Many lawmakers disagree on which types of gambling should become legal in Georgia — with talk of casinos and horse-racing facilities having also swirled under the Gold Dome for nearly a decade. Casinos, sports betting companies and sports teams have hired top lobbyists to push the bills in hopes of expanding gaming beyond the state-controlled lottery.
For years, lawmakers have said expanding gambling in the state would bolster Georgia Lottery-funded education programs such as the HOPE scholarship.
Expanding gambling in Georgia is difficult to do because it requires amending the state constitution — allowed only once two-thirds of each legislative chamber agree to place it on a ballot and a majority of voters approve the change. A 2020 poll by The Atlanta Journal-Constitution found that about 58% of Georgia voters support legalizing sports betting.
Disagreement over where the tax revenue generated from sports betting, or any legalized gambling, should go has held the legislation up for years.
Options that have been considered include using the revenue to bolster the merit-based HOPE scholarship, paying for needs-based college scholarships, and funding rural health care and broadband efforts across the state.
Backers say Georgians illegally bet nearly $5 billion a year on sports.
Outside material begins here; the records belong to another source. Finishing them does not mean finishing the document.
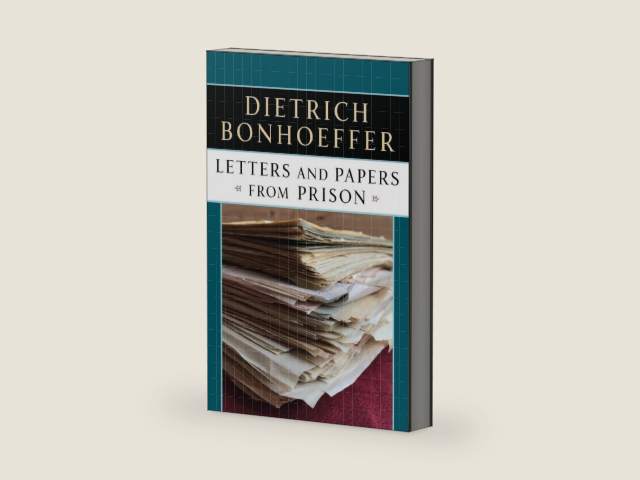 Letters and Papers from Prison by Dietrich Bonhoeffer | barcode:9780684838274 | source:'9780684838274-right-three-quarter.jpg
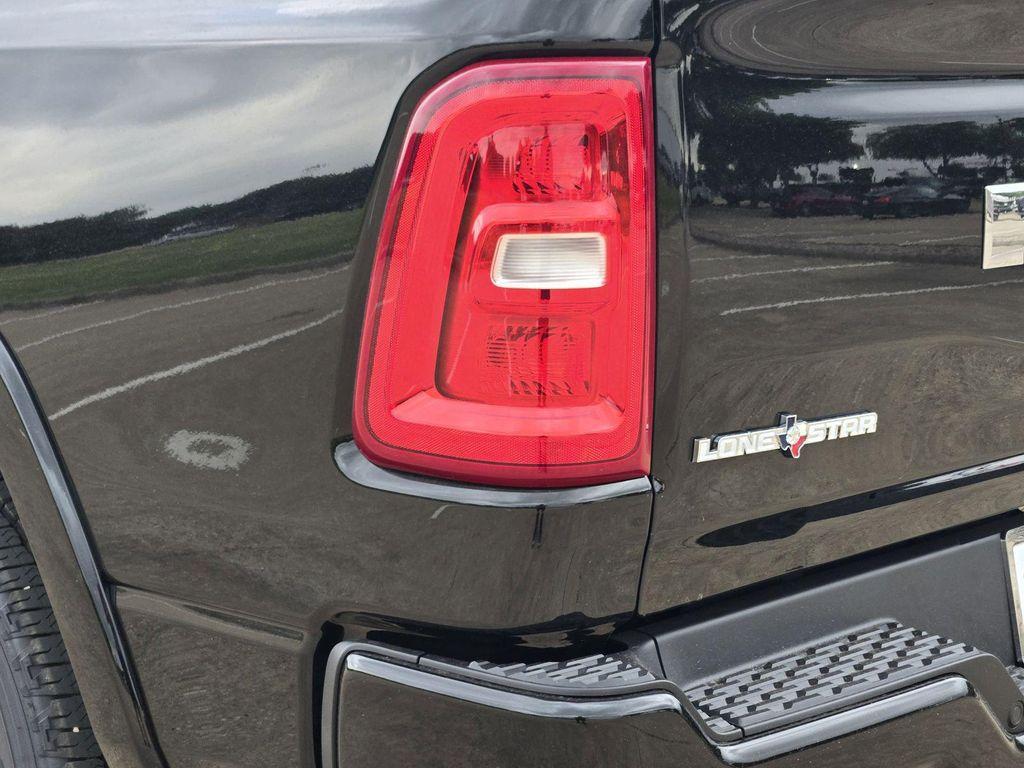 new 2026 Ram 1500 car, priced at $50,936
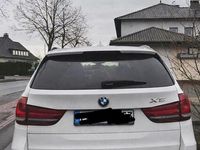 Gebraucht BMW X5 258 PS (189 kW) 2018 Weiß SUV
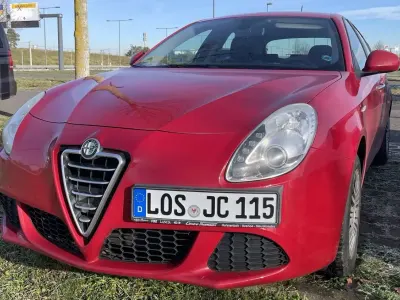 Brugt Alfa Romeo Giulietta Turismo 120 HK (88 kW) 2011 Hatchback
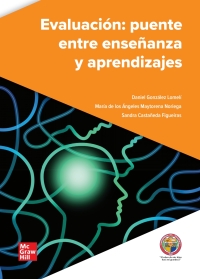 Cover image: Evaluación: puente entre enseñanza y aprendizajes 1st edition 9786071515520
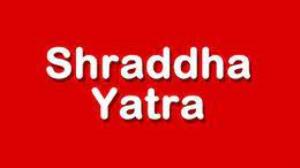 Shraddha Yatra / Commercial Poster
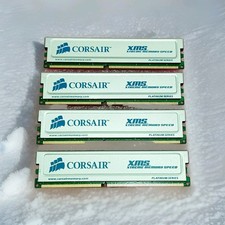 Corsair xms platinum.series for sale  Dearborn Heights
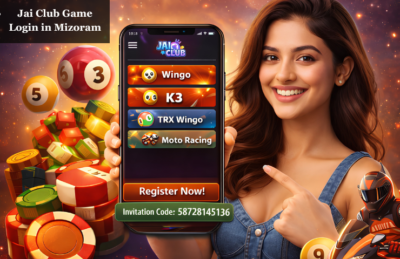 Jai Club Game Login in Mizoram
Georgians can pull up a sports betting website or app on their cellphone and place bets on games — most likely using overseas servers and skirting Georgia’s laws making the practice illegal.
Mike Griffin, a lobbyist for the Georgia Baptist Mission Board, said his organization will continue to fight the expansion of any type of gambling.
“They say it’s better to legalize it to bring it out of the shadows,” he said. “I think it’s more like pouring gas on a fire rather than putting water on it.”
Last year, a bill seemed primed to pass the General Assembly, but it was tanked at the last minute in the powerful House Rules Committee, which decides which bills are eligible for a vote. Some members of that committee didn’t like the idea of money raised by taxes on sports gambling going toward needs-based scholarships for what Rep. Ron Stephens, R-Savannah, called “gap funding,” when a student is accepted to college but is just a little short of the money needed to attend.
House Democratic Leader James Beverly of Macon said Democrats are adamant that a portion of the money raised through gambling go to education, both college and prekindergarten classes. Beverly also said some of the money should go to workforce and economic development.
There are other details that need to be worked out. Some lawmakers say voters should decide whether they want to expand legal gambling in Georgia, and then details — such as where the money is spent, how companies would be taxed and who would oversee gaming — would be finalized later. Others say the details should be worked out if not first, then at the same time as passing the constitutional amendment.
Senate Majority Leader Steve Gooch said gambling likely won’t be one of the Senate Republican caucus’ priorities. But he said sports betting has a chance of passing this time around. The Dahlonega Republican voted against the sports betting bill that passed his chamber last session. He voted for legislation that would have allowed horse racing, but that bill failed to get two-thirds of the vote in the Senate.
“The first question you have to ask is, ‘Will you let the voters of Georgia decide to amend the constitution to allow (expanded gambling)?’ ” he said. “If the answer is yes, then the question is what is the best policy to have in place.”
Beverly said he is working on legislation that would create a governing authority to oversee gaming in Georgia.
“Before we hash out the details of the type of gambling, we need to establish an authority that has the legal authority to maintain and monitor whatever forms of gambling are to come,” he said.
It’s still unclear how much money companies would pay for sports betting licenses, what those companies should be taxed and whether betting on college sports should be allowed.
Gooch said legislation to legalize sports betting is the most likely form of gambling to emerge from the General Assembly during the next two-year session.
“You almost have to hit the reset button,” Gooch said. “There are a lot of freshmen coming in, and they need to understand the importance of what’s best for Georgia and what do their constituents want them to do. That’s the hard part.”